#### [Work request]
In the records, each line holding "that" must be reported.

#### [The data]
# # #

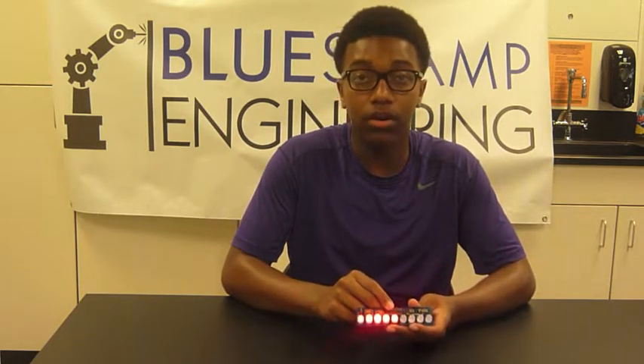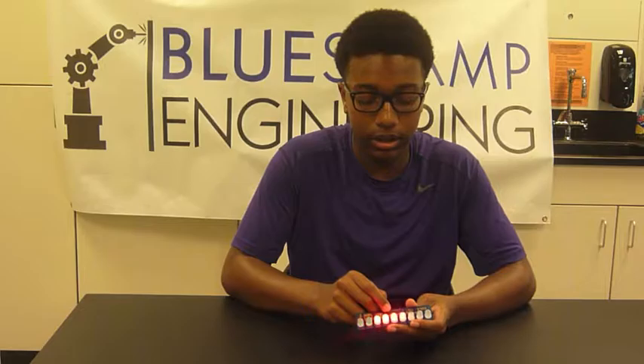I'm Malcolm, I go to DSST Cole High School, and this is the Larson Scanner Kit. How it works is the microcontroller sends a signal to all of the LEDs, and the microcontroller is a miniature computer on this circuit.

# # #

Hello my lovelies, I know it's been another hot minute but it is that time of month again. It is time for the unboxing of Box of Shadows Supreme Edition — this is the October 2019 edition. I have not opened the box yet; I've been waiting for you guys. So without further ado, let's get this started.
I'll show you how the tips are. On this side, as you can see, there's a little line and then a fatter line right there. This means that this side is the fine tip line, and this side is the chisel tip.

# # #

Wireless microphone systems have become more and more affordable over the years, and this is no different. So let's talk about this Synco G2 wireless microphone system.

# # #

#### [Reply]
Hello my lovelies, I know it's been another hot minute but it is that time of month again. It is time for the unboxing of Box of Shadows Supreme Edition — this is the October 2019 edition. I have not opened the box yet; I've been waiting for you guys. So without further ado, let's get this started.
I'll show you how the tips are. On this side, as you can see, there's a little line and then a fatter line right there. This means that this side is the fine tip line, and this side is the chisel tip.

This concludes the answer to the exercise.